Let's do Anomaly detection. Write a routine `is_ok`:

```python
def is_ok(level, t)
```

which takes a tuple like the one yielded by your code above and returns True if the value is inbetween `level`-$\sigma$ of the mean.

In [20]:
#your code here
def is_ok(level, t):
    n, num, mu, stddev = t
    return (-level * stddev + mu) <= num <= (level * stddev + mu)

We use this function to create a predicate passed through to `itertools.filterfalse` which is then used to obtain an iterator on the anomalies.

In [21]:
from itertools import filterfalse
pred = lambda t: is_ok(5, t)
anomalies = filterfalse(pred, data_with_stats)

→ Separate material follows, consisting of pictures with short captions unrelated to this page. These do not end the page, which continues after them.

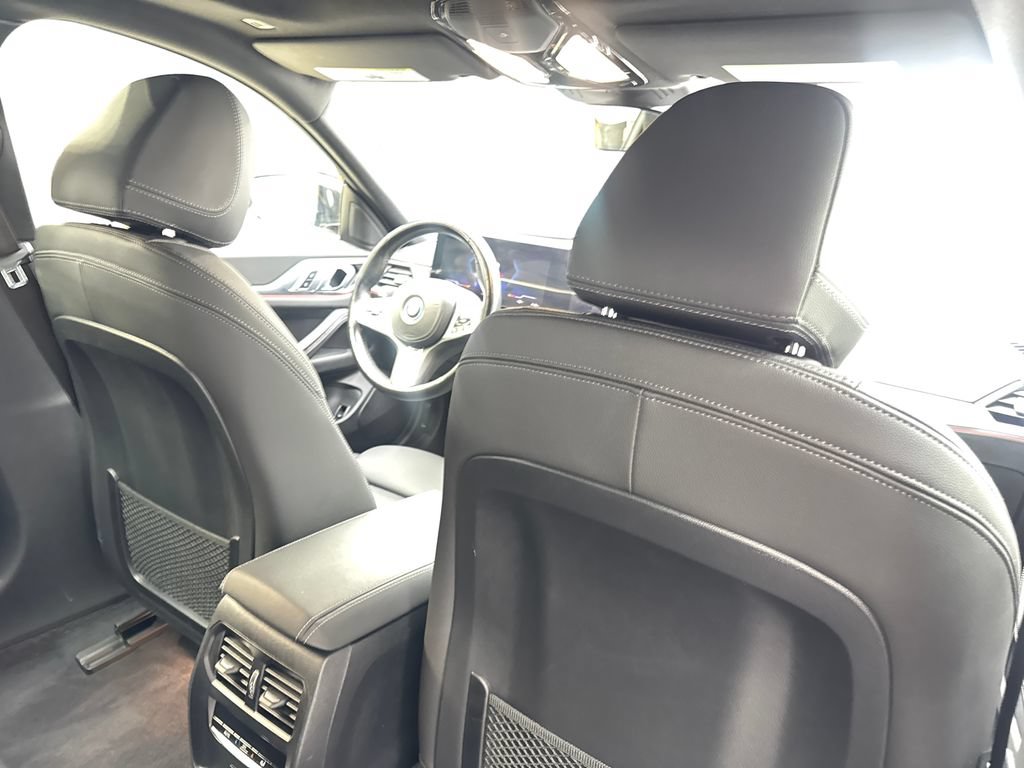 Used 2023 BMW i4 eDrive40 w/ M Sport Package RWD image 42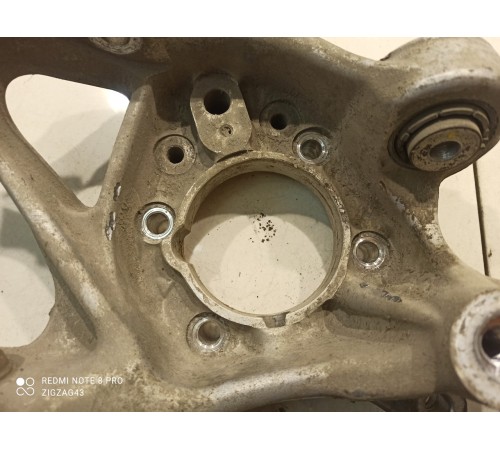 Поворотный кулак(задний правый)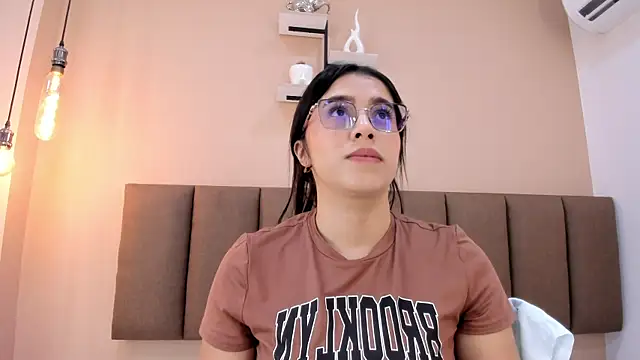 Snapshot of Amy_wats0n chatting on 06.12.26 Amy wats0n online show from 06.12.26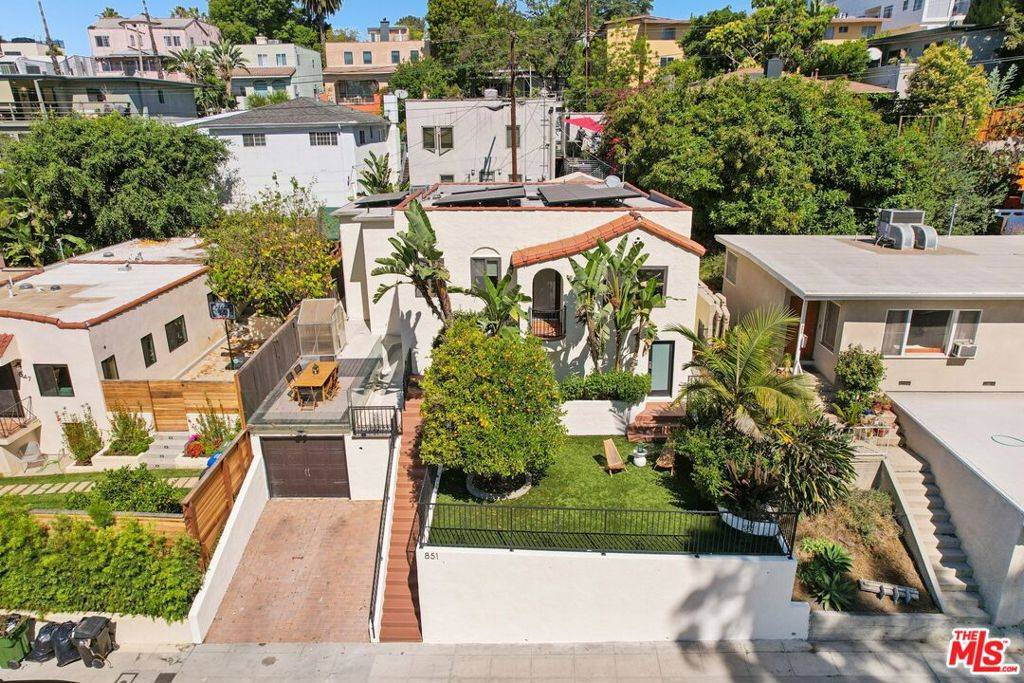 Los Angeles, CA 90026,851 Tularosa DR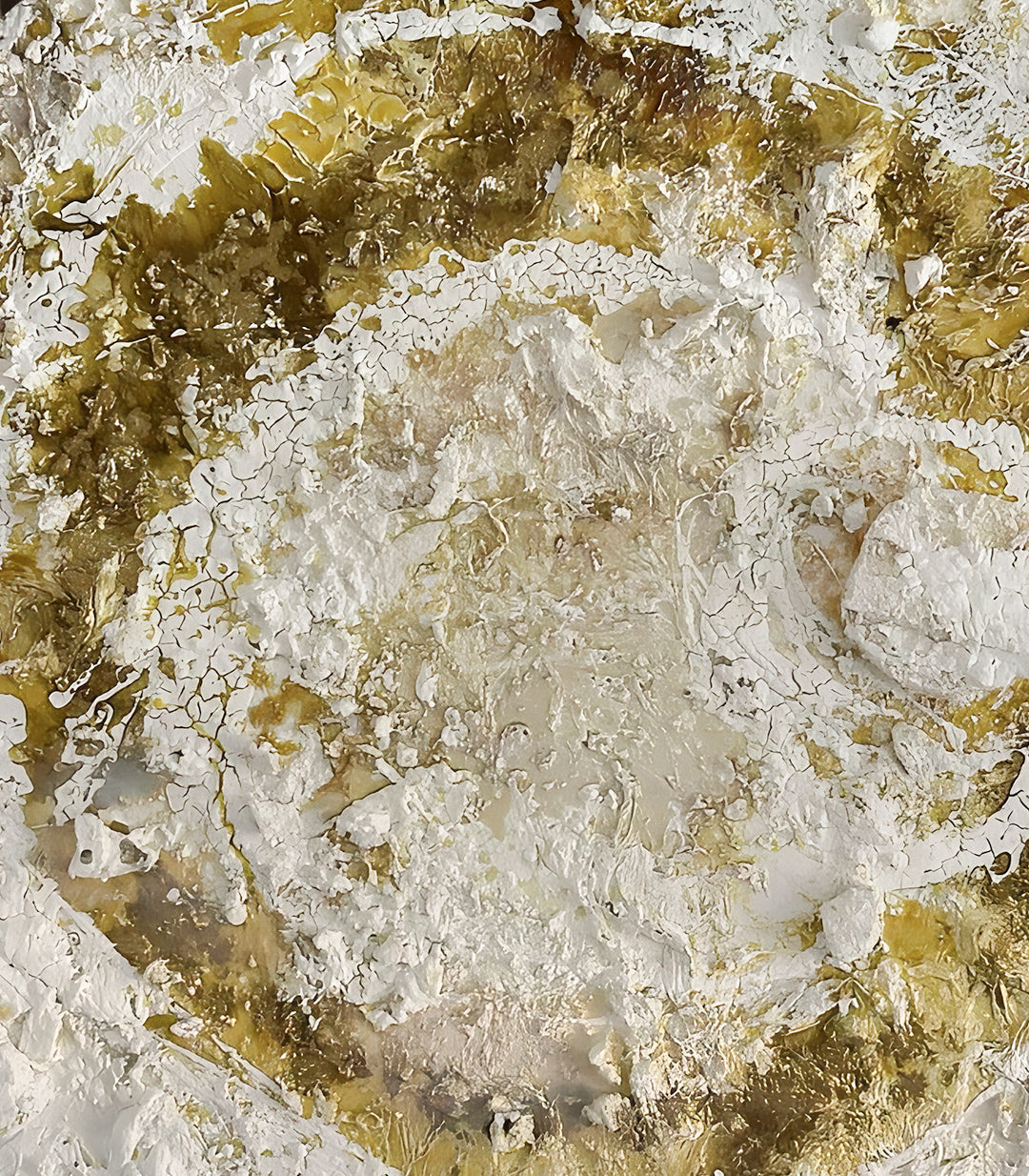 Golden Essence - signé par l'artiste Samira AKR.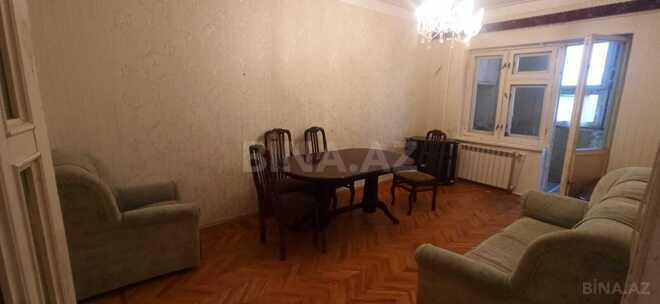 Продаётся 3-комн. вторичка 65 м², м. Ази Асланов, photo 4 from 11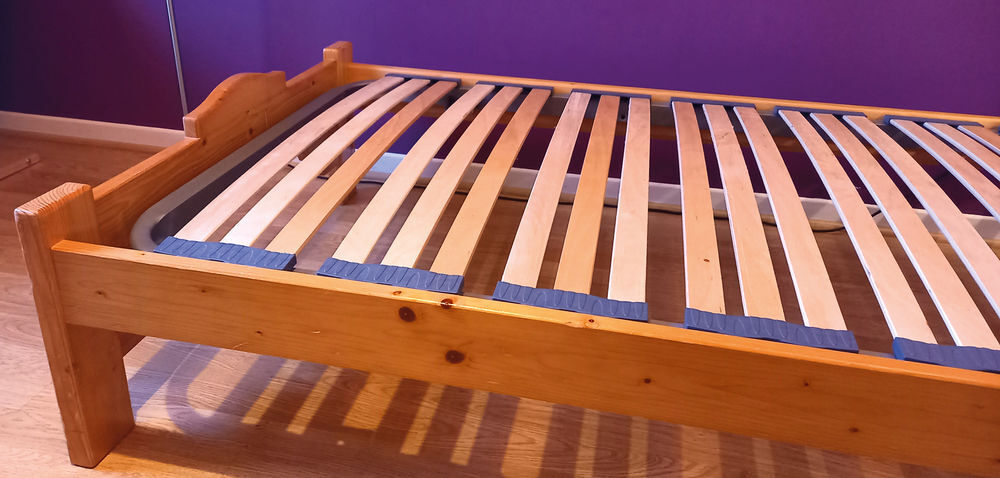 Lit en bois pin + sommier etat neuf 90x190cm Meubles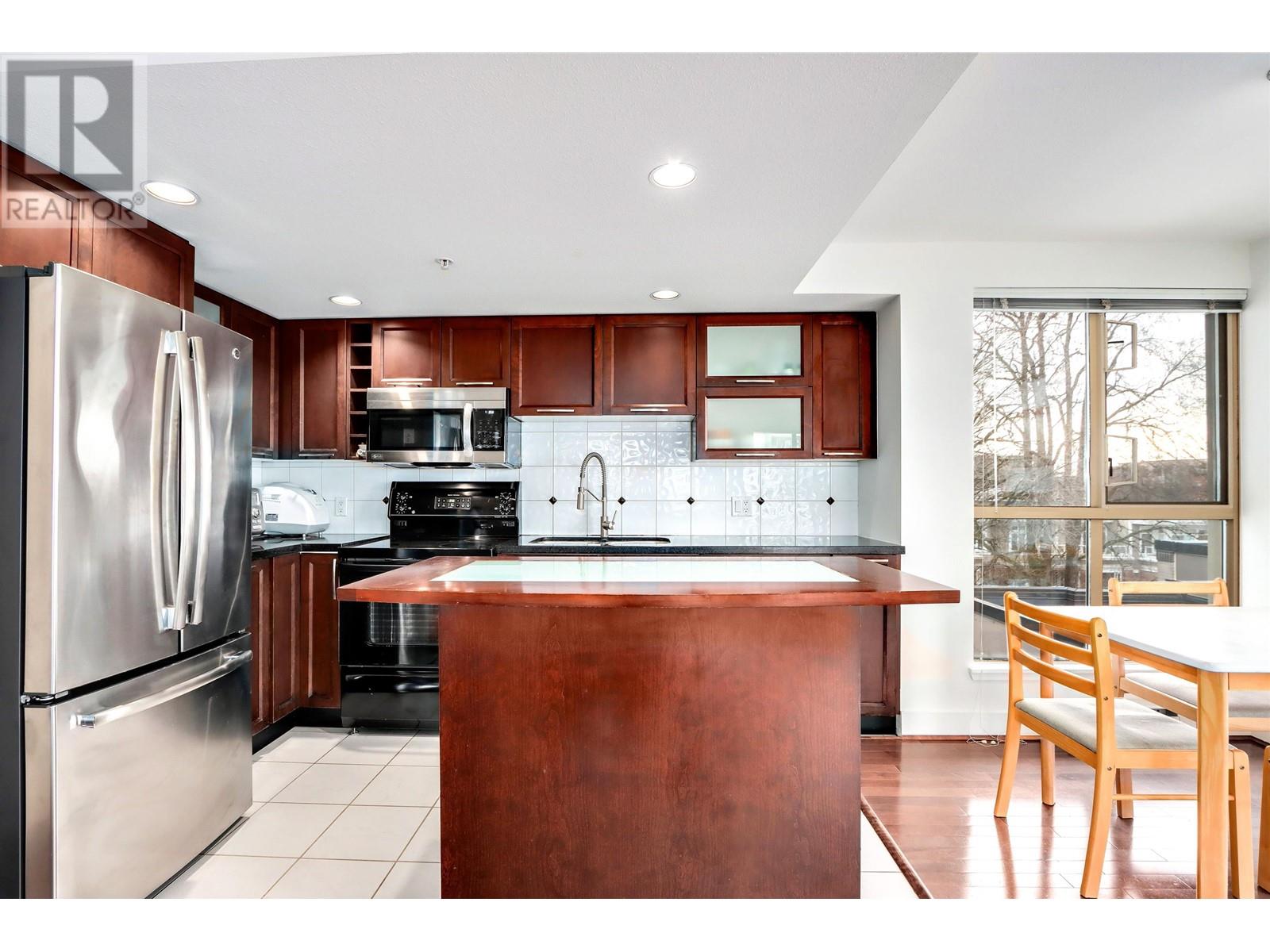 609 2137 W 10th Avenue, Vancouver, British Columbia  V6K 4W4 - Photo 9 - R2858755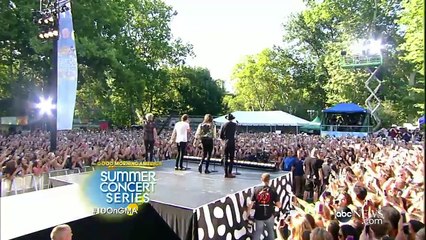 One Direction : DRAG ME DOWN | First Live Performance on GMA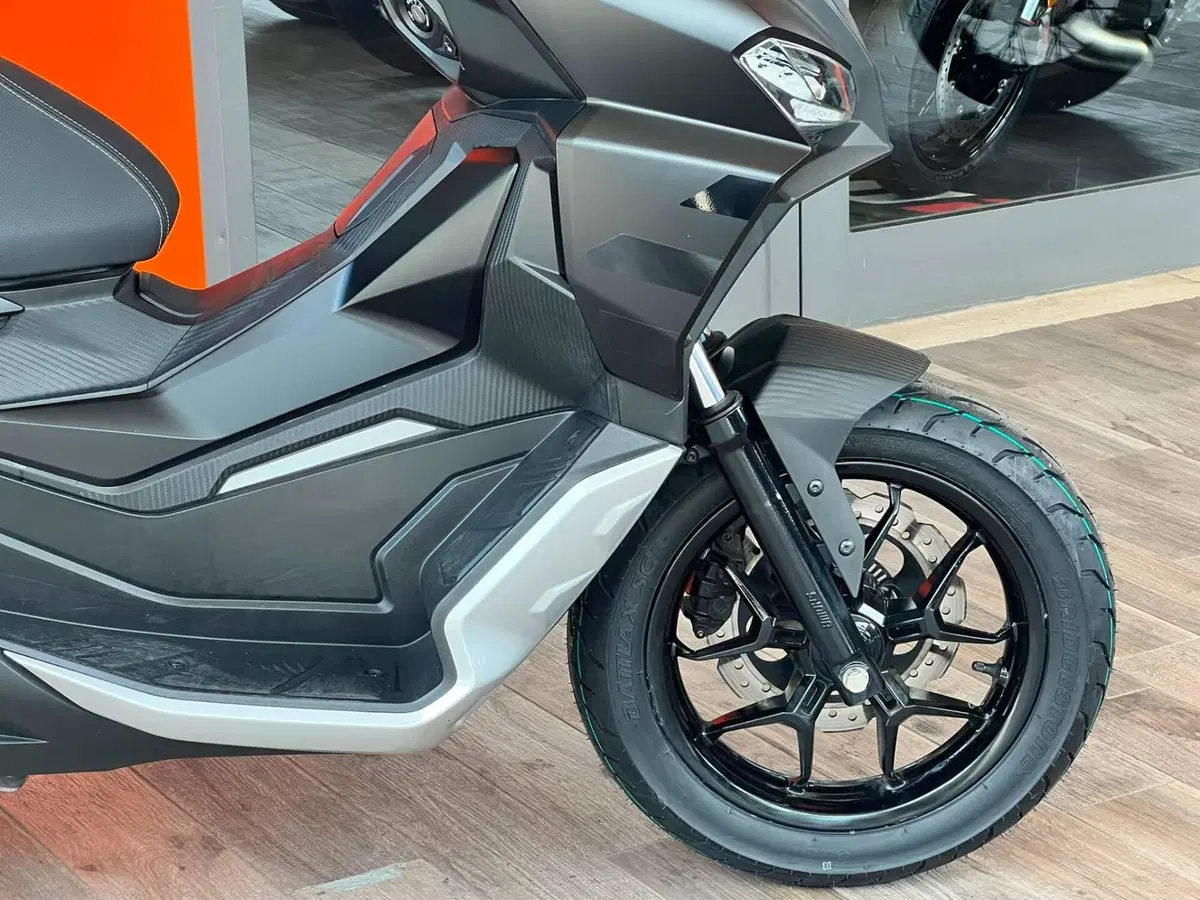 Aprilia SR GT 125 (2022 - 24) (3)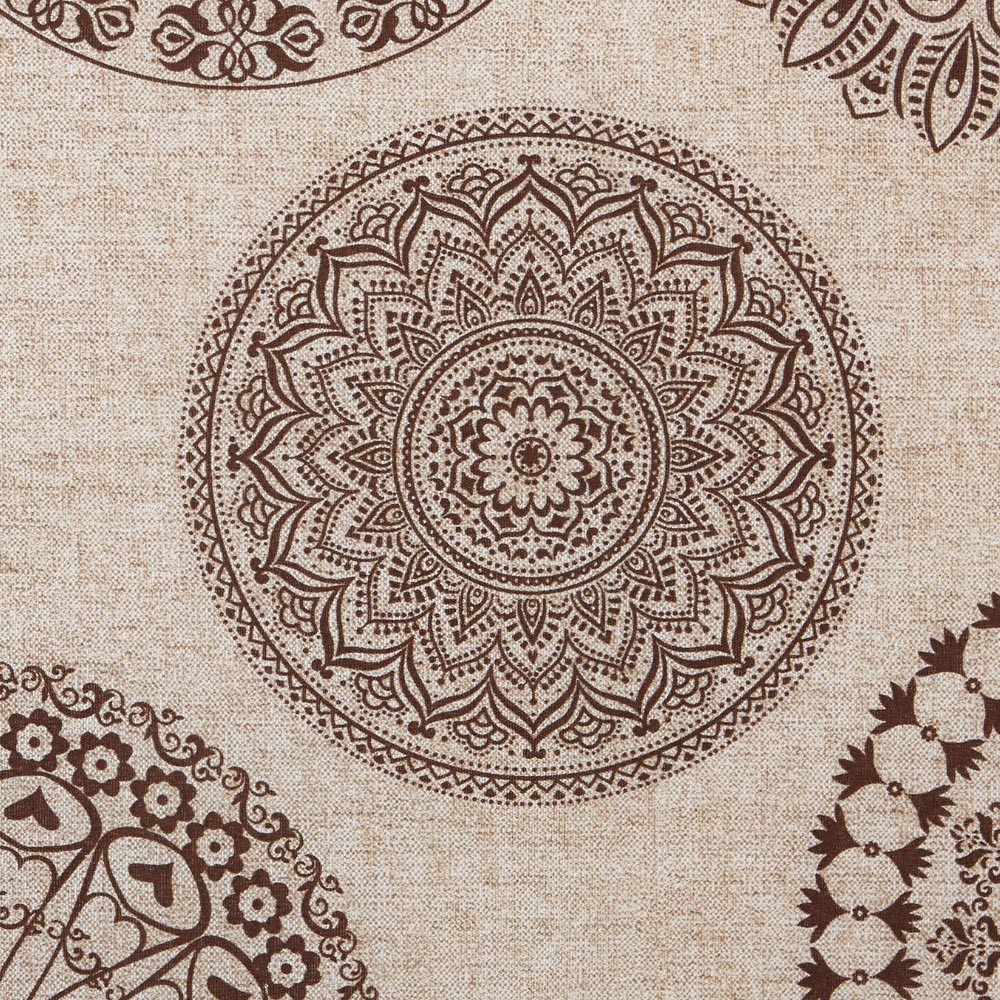 Toile marron imprimée de mandalas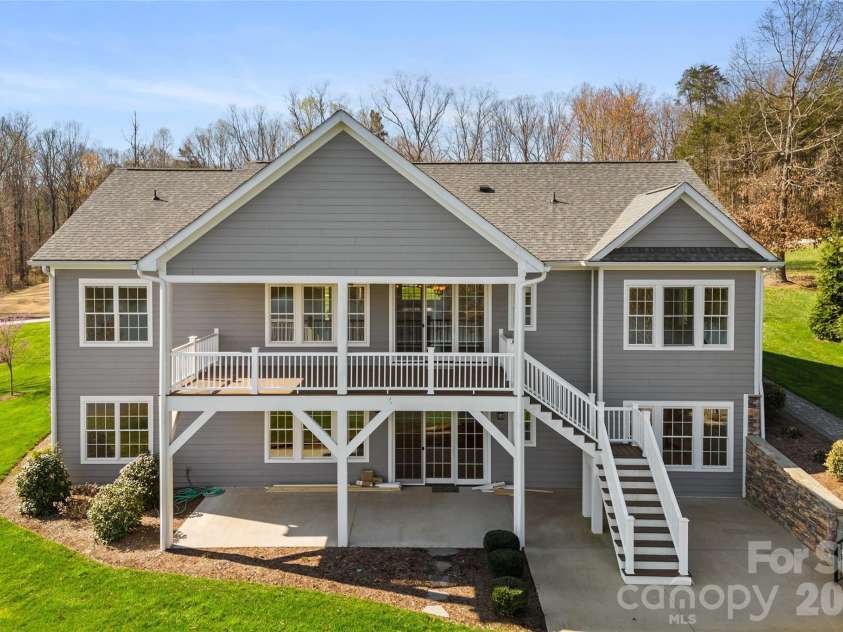 490 Mapleton Lane, Columbus, NC 28722.  MLS# CAR4346463, YatesRealty ID 2321.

We materialize the anomalies...

In [22]:
list(anomalies)#materialize

[(1, 999999999.8438935, 999999999.8438935, nan),
 (3250, 1000000017.4806058, 999999999.9445951, 2.8618371303328543),
 (3712, 1000000015.282047, 999999999.9473315, 2.8614212998204924),
 (4510, 1000000014.9706957, 999999999.9714713, 2.8995781131968394),
 (6462, 1000000014.5301795, 999999999.967669, 2.895039700137576),
 (7129, 999999981.1367793, 999999999.9767876, 2.902447704549819),
 (11578, 999999985.1587152, 999999999.9761664, 2.907613608242672),
 (11796, 1000000015.3252591, 999999999.9796087, 2.908895229689659),
 (12792, 999999985.3967189, 999999999.9842292, 2.904821794040266),
 (18642, 999999984.8977883, 999999999.9821388, 2.880160124206725),
 (26419, 999999983.3929456, 999999999.9966364, 2.8908546264597046),
 (28126, 999999985.5261078, 999999999.9923877, 2.8915093148400635),
 (28457, 1000000015.1930368, 999999999.9914454, 2.893201648755465),
 (30050, 999999985.3163742, 999999999.9905875, 2.894027969360338),
 (34428, 999999983.7703326, 999999999.9933141, 2.8957794433063615),
 (42559,

## To think of, but not hand in

What kinds of anomalies will this algorithm pick up? What kinds would a shorter "window" of anomaly detection, like 100 points around the time in question pick? How might you create an algorithm which does window based averaging? (hint: the window size is small compared to the time series size). 

Finally think a bit of how you might implement all of this in a production environment..remember that data streaming in might get backed up when you handle an anomaly.

(Some inspiration might accrue if you look at the docs for `collections.deque`).